Géopolitique de la dette et marchés financiers

  • Détenteurs de la dette américaine : Principalement le Japon, la Chine et le Brésil. La Chine utilise ses excédents commerciaux pour acheter de la dette américaine, ce qui maintient sa propre monnaie (le Renminbi) à un niveau bas, favorisant ses exportations.

  • La dette comme levier de pression : Les États peuvent menacer de vendre massivement la dette d'un autre pays pour influencer sa politique. Exemple : Des politiciens européens ont évoqué la vente de dette américaine lors de tensions avec Donald Trump concernant le Groenland.

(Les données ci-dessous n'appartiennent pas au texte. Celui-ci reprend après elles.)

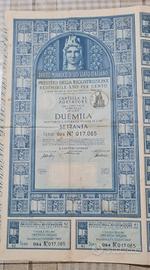 Titolo di debito italiano del 1947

  • Sanctions des marchés envers les gouvernements de gauche :     * Étude académique (Bechtel) : Analyse de 205 élections.     * Variable dépendante : Réaction de la bourse.     * Variables indépendantes : Orientation politique (gauche/droite) et contraintes institutionnelles.     * Constat : Les marchés ne sanctionnent pas systématiquement la gauche. Ils sanctionnent un leader de gauche uniquement s'il n'existe pas de contraintes politiques fortes (comme une banque centrale indépendante ou une coalition) qui l'empêcheraient d'appliquer un programme radical.

Défaut de paiement, austérité et Fonds Monétaire International (FMI)

  • Défaut de paiement : L'État refuse ou est incapable d'honorer ses créances. Conséquences catastrophiques : impossibilité d'emprunter, non-paiement des fonctionnaires, des retraites et des aides sociales.

  • Austérité : Mesures visant à réduire les dépenses publiques (coupes budgétaires, hausses d'impôts, privatisations) pour rembourser la dette. C'est violent socialement mais moins cataclysmique qu'un défaut total.

  • Le FMI, prêteur de dernier ressort :     * Intervient quand plus personne ne veut prêter à un État.     * Conditionnalité : L'argent est prêté en échange de réformes structurelles néolibérales (Consensus de Washington) : privatisation des infrastructures (ports, aéroports), licenciement de fonctionnaires, réduction des programmes sociaux.     * Gouvernance inégale : Les décisions majeures requièrent >85\,\% des voix. Or, les États-Unis possèdent 16.7%16.7\,\% des droits de vote (pondérés par quotas), leur conférant un droit de veto de facto sur toutes les décisions importantes.     * La Troïka : Groupe composé du FMI, de la BCE et de l'Union européenne qui a imposé des politiques publiques ultra-spécifiques à la Grèce durant la crise.

Conclusion sur les relations financières

  • Avantages : Accès aux capitaux pour l'infrastructure, croissance économique et développement (modèles asiatiques).

  • Inconvénients : Contraintes sur la souveraineté démocratique, exposition aux chocs systémiques globaux, instabilité politique liée à l'austérité et représentation inégale au sein des institutions internationales.